Tianjin Women's Federation
- Abbreviation: TJWF
- Formation: November 5, 1949
- Type: Non-profit organization
- Headquarters: Tianjin, China
- Parent organization: All-China Women's Federation

= Tianjin Women's Federation =

The Tianjin Women's Federation (天津市妇女联合会, abbreviated TJWF) is a mass organization for women in Tianjin, China. It is under the leadership of the Tianjin Municipal Committee of the Chinese Communist Party and serves as a local branch of the All-China Women's Federation. Its highest authority is the Tianjin Women's Congress, while its standing body is the Executive Committee, led by the Standing Committee.

The federation represents and safeguards women's rights and interests, promotes gender equality, and supports the overall development of women in Tianjin.

== History ==
After the liberation of Tianjin in 1949, women from across the city actively participated in social activities. In March 1949, preparations began for the establishment of the Tianjin Democratic Women's Federation. On November 5, 1949, the federation was officially founded under this name, and from November 5 to November 7 the first Tianjin Women's Congress was held.

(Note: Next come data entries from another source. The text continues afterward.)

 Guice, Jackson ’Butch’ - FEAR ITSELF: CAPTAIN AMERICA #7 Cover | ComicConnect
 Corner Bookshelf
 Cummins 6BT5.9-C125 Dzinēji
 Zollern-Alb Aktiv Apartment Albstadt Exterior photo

In 1957, it was renamed the Tianjin Women's Federation. On December 6, 1967, its operations were suspended during the Cultural Revolution. In 1973, following the issuance of the CPC Central Committee document (Zhongfa [1973] No. 23), the federation was restored, and the Tianjin Women's Congress was convened to resume regular work.

Between November 1949 and August 1983, seven congresses were held eight times. In September 2018, the 14th Tianjin Women's Congress took place, followed by the 15th Congress in September 2023.